If Argiris cannot quite believe his luck, he is about to enter a surreal realm where his every move is being observed, measured and manipulated. For Mary’s uptight mother Sandra (Evelina Papoulia) is a former experimental psychologist who has turned to interior decoration after her groundbreaking work in animal behaviourism was shut down, while her more easy-going husband Yorgos (Yorgos Liantos) is a paediatrician – and over the long weekend in their modernist country house, they are set upon evaluating Argiris’ compatibility with their beloved daughter through a relentless series of challenges.
Not only do Sandra and Yorgos have an elaborate games room in their basement, but they are also playing games in another sense, and Iliadis focalises this obviously damaged household, full of arguments and anger and guilt and sorrow, through the eyes of outsider Argiris who, despite his eagerness to please, is, like us, increasingly bewildered by what he is witnessing and experiencing. Even as the parents express concern for their daughter and her various odd afflictions, Mary confides in Argiris her suspicion that she too, as a child, may have been subjected by her mother to conditioning exercises involving a heart-shaped teddy bear capable of administering electrical shocks – although Mary is not sure if this is a memory of what really happened to her, or something more like a scenario from a bad dream.
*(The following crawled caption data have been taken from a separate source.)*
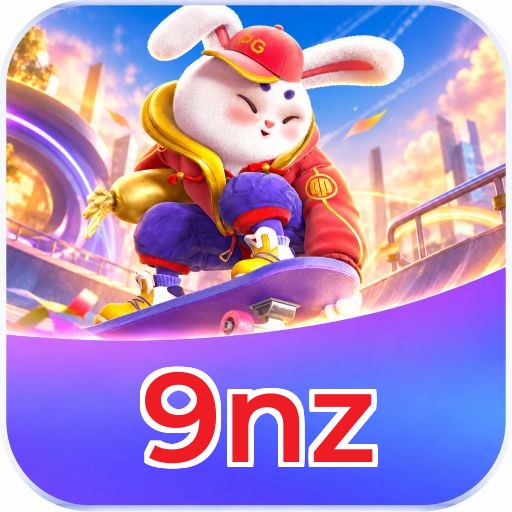 FAQ 9nz - Perguntas frequentes sobre bônus, PIX, segurança e RTP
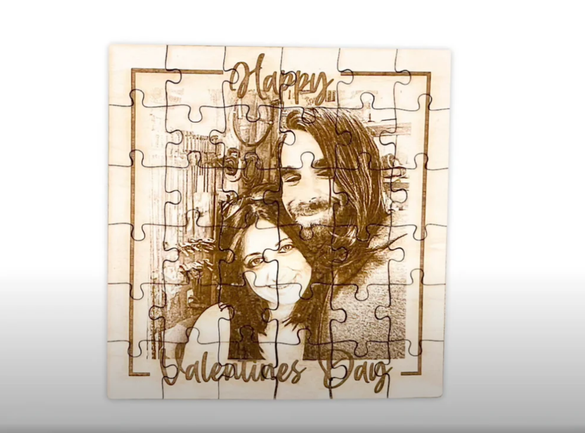 Engraving Photography: Crafting Timeless Memories with Hearts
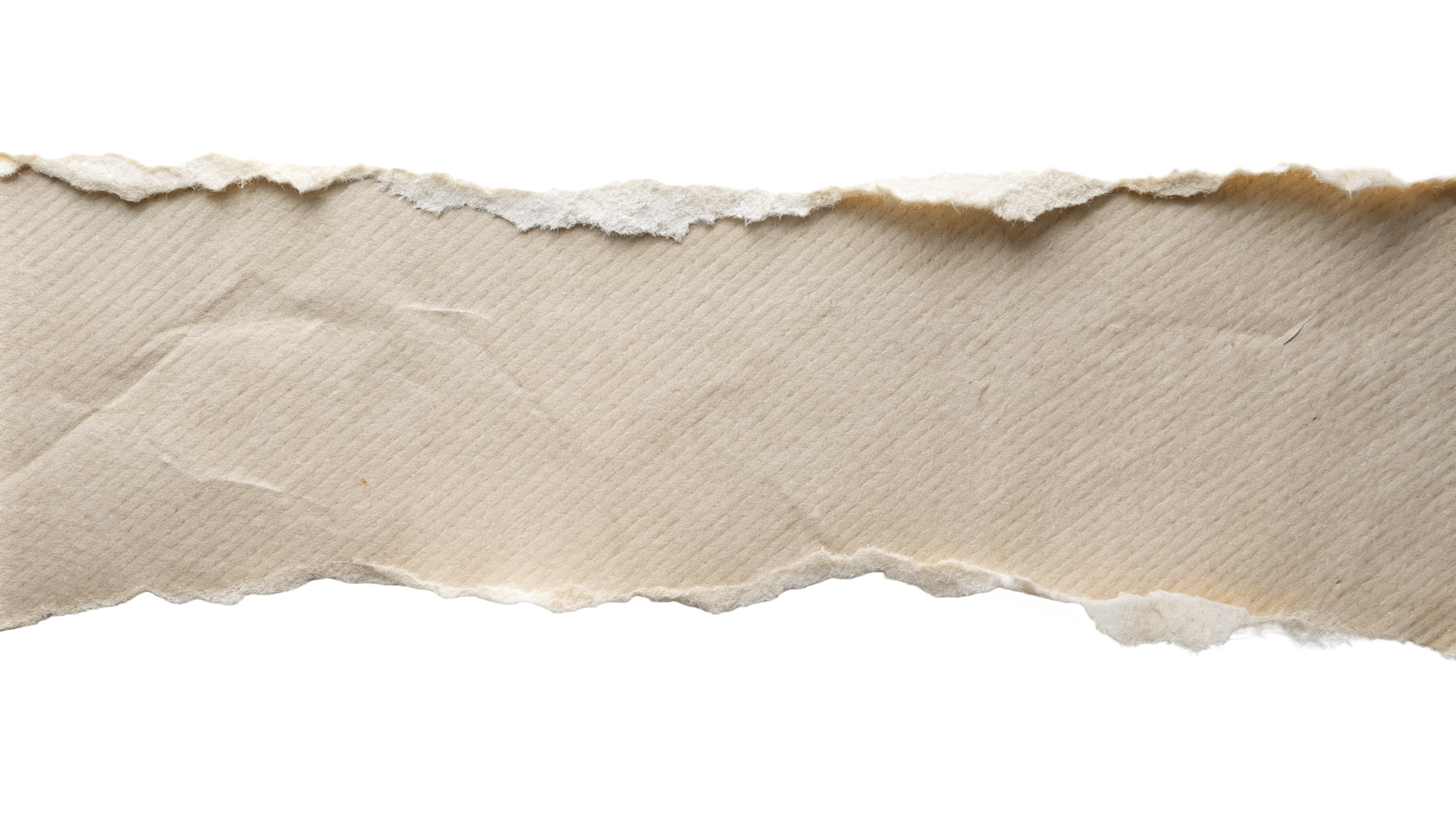 paper2
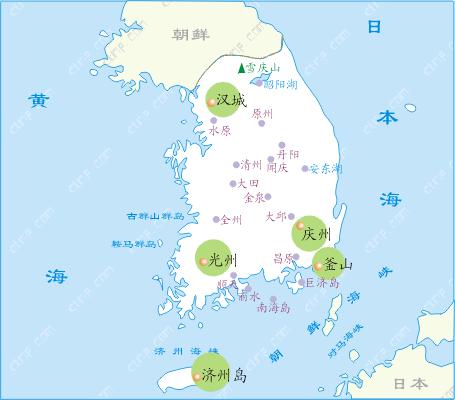 [韩部队发生爆炸事故]有谁能够简要科普一下韩国军队的情况？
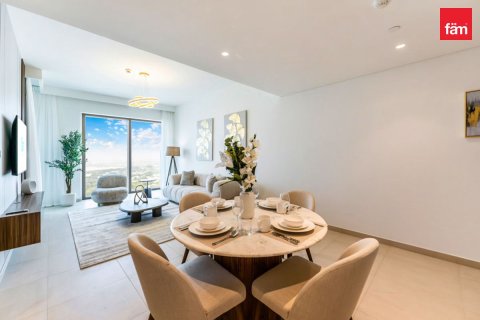 Apartment in Downtown Dubai (Downtown Burj Dubai), UAE 2 bedrooms, 100.9 sq.m. № 701416 - photo 3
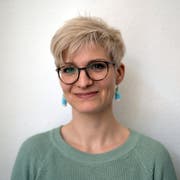 Karolin Breitschädel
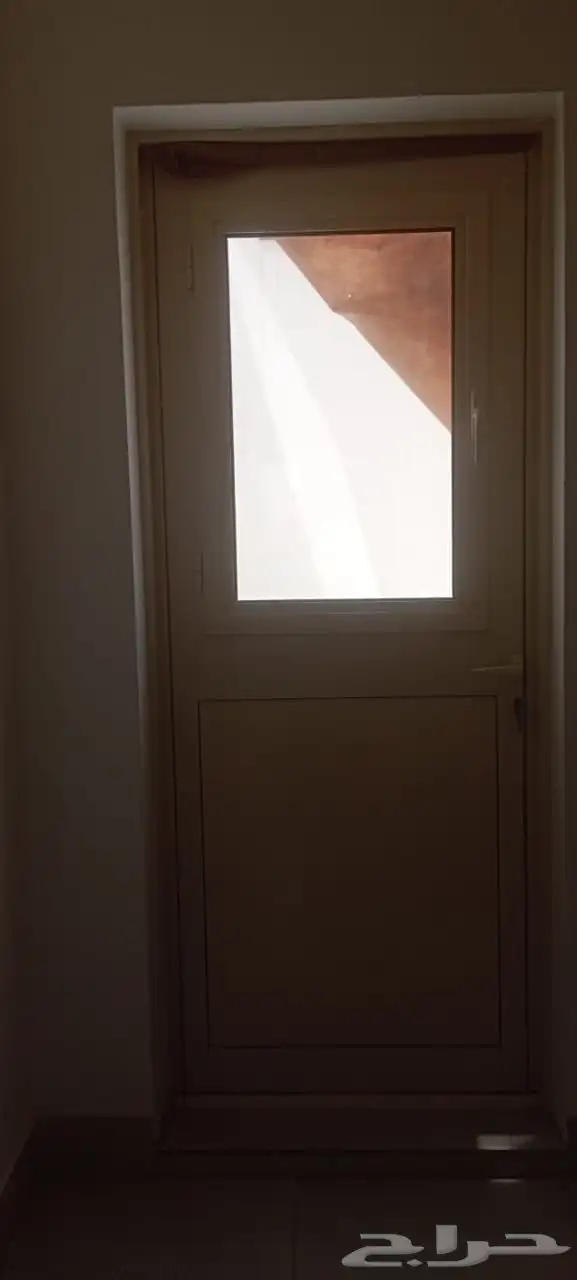 بيع مطابخ و ابواب 3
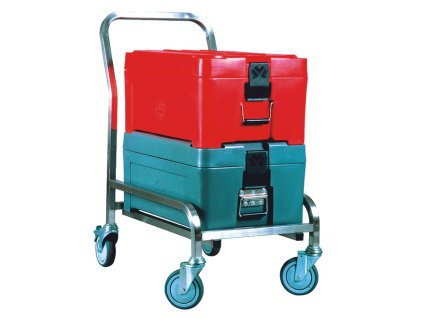 0056c5aff2e0c33f787f0334f155d7b1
Amid all the interrogations and rôle-playing, emotional blackmail and gaslighting, control and violence, Argiris is uncertain if he is seeing one particular family unit in catastrophic freefall, or an amplified, intensified version of the dysfunction universal to any and every family – and he is also, repeatedly, having to question just how far he is willing to go for a girl whom he has, after all, only just met and barely knows. Meanwhile, regular flashbacks to a luxurious restaurant dinner that Mary has with Sandra and Yorgos, where they are clearly struggling to lay their cards on the table, serve only to mystify further what is going on in the present, while introducing a huge amount of tension.
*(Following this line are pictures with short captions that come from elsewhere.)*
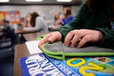 Should students&rsquo; cellphones be locked up at school? New technology is giving teachers more options I Salt Lake Tribune | Teaching: Best practice ideas | Scoop.it
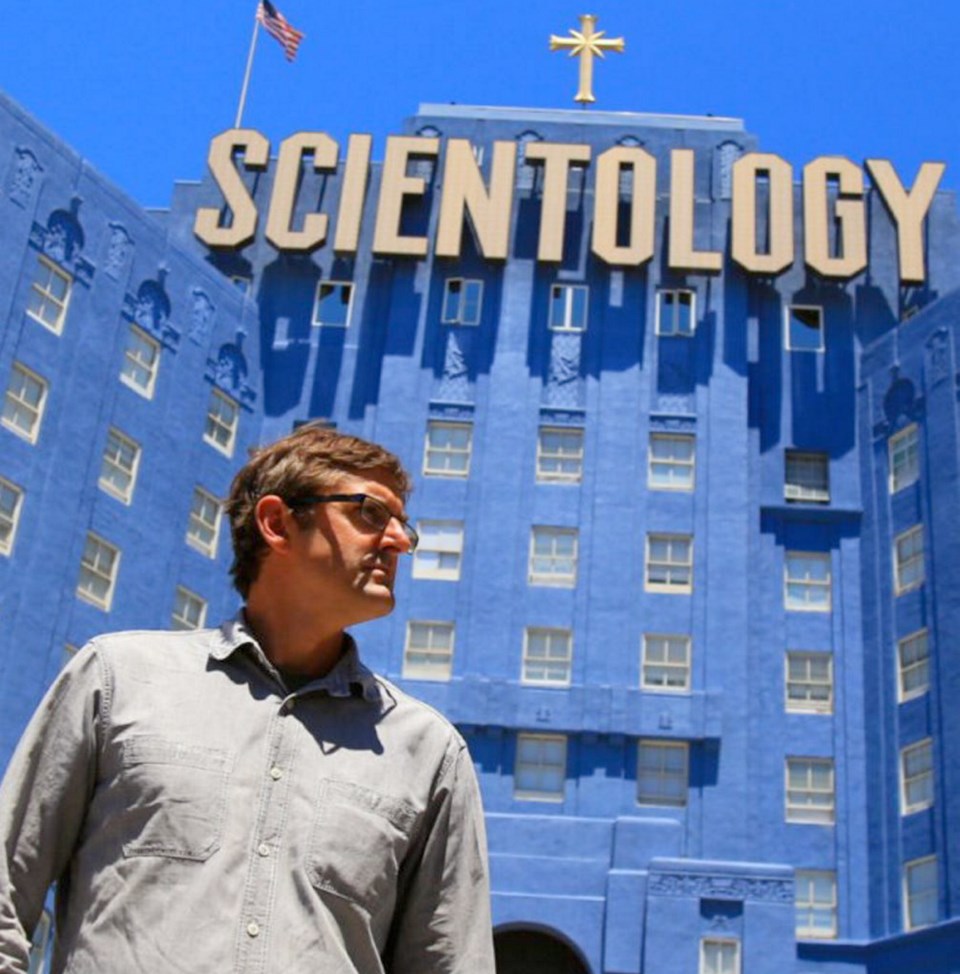 C8-scientology-movie-3.jpg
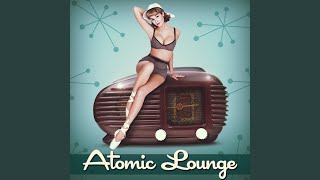 Cover art for Every little movement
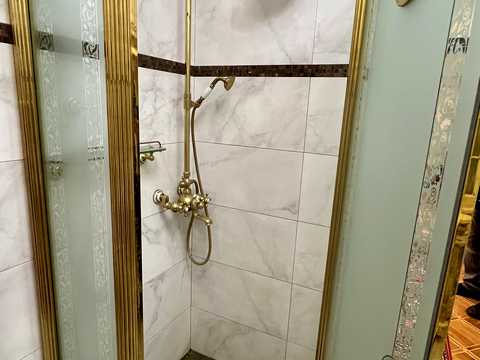 квартира по адресу Мироносицкая ул., 66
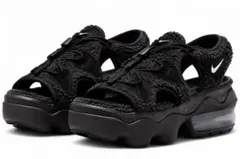 Nike Air Max Koko Women's サンダル25センチのサムネイル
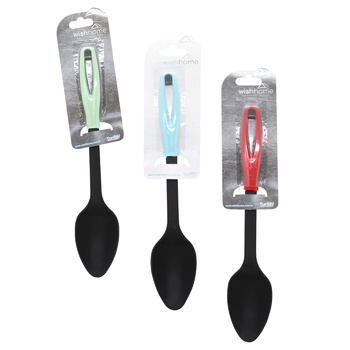 Wish Home Spoon 31cm - buy, prices for - photo 1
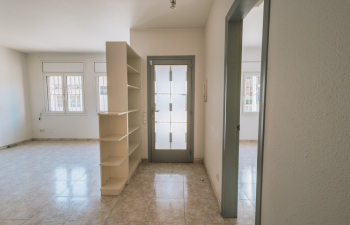 Casa a Torroella de Montgrí 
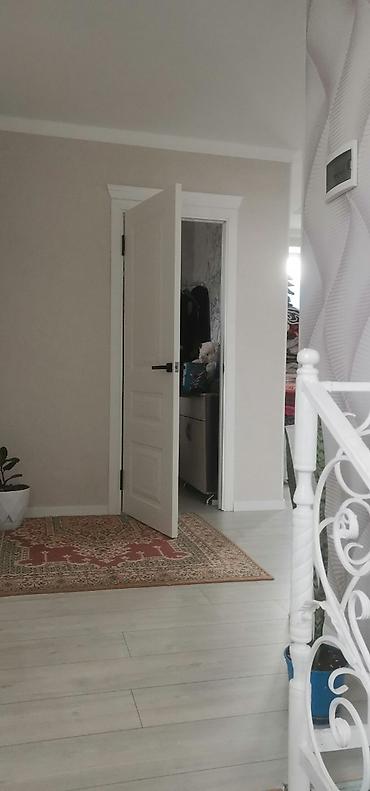 Продажа коттеджей и домов: Просторный светлый частный двухэтажный дом с современным интерьером — 3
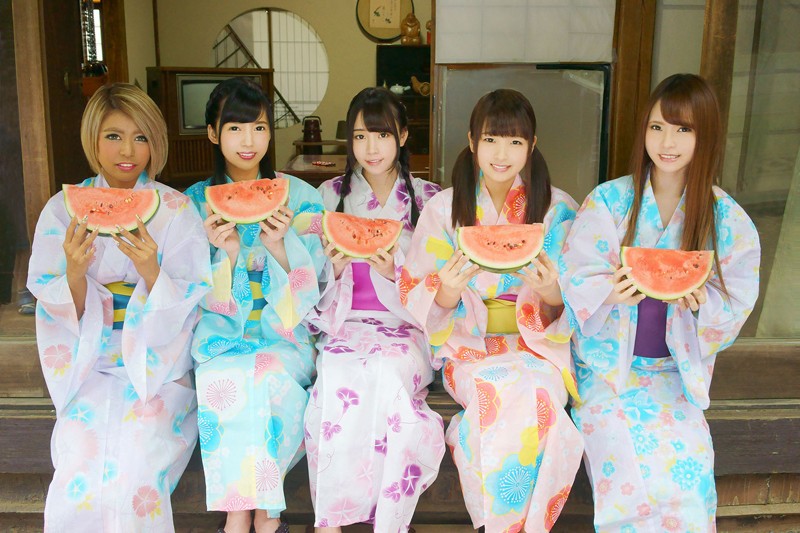 FONE-001 第 1 部分 - 30 分钟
With its ritualised domestic masquerades and ‘Greek Weird Wave’ elusiveness, Buzzheart may recall Yorgos Lanthimos’ Dogtooth (2009), although Iliadis wrote his script in 2005, making the direction(s) of influence more complicated. Both films are, ultimately, modern Greek tragedies, with Iliadis clinging to the romance promised from the outset while also ultimately infusing all this eros with no small amount of thanatos. For here love, even lasting love, must end, and every heart must eventually stop buzzing. It is a peculiar, twisty Liebestod, where all the drama on display is being bequeathed to the next generation just as they are embarking on their own journey of love together.
Here the very notion of family is exposed as a fragile act, performed before cameras so that its footage is available for subsequent analysis and interpretation once a fuller perspective is in place. This makes Iliadis’ twisty, paranoid feature also very much a film about filmmaking – an art whose audiovisual stimuli, designed precisely to condition a response in the viewing subject, easily overlap with the aims of the behavioural sciences. And in keeping with how Argiris and Mary first meet, this delivers a happy, if bittersweet, ending.
Buzzheart just showed at MOTELX, in Lisbon.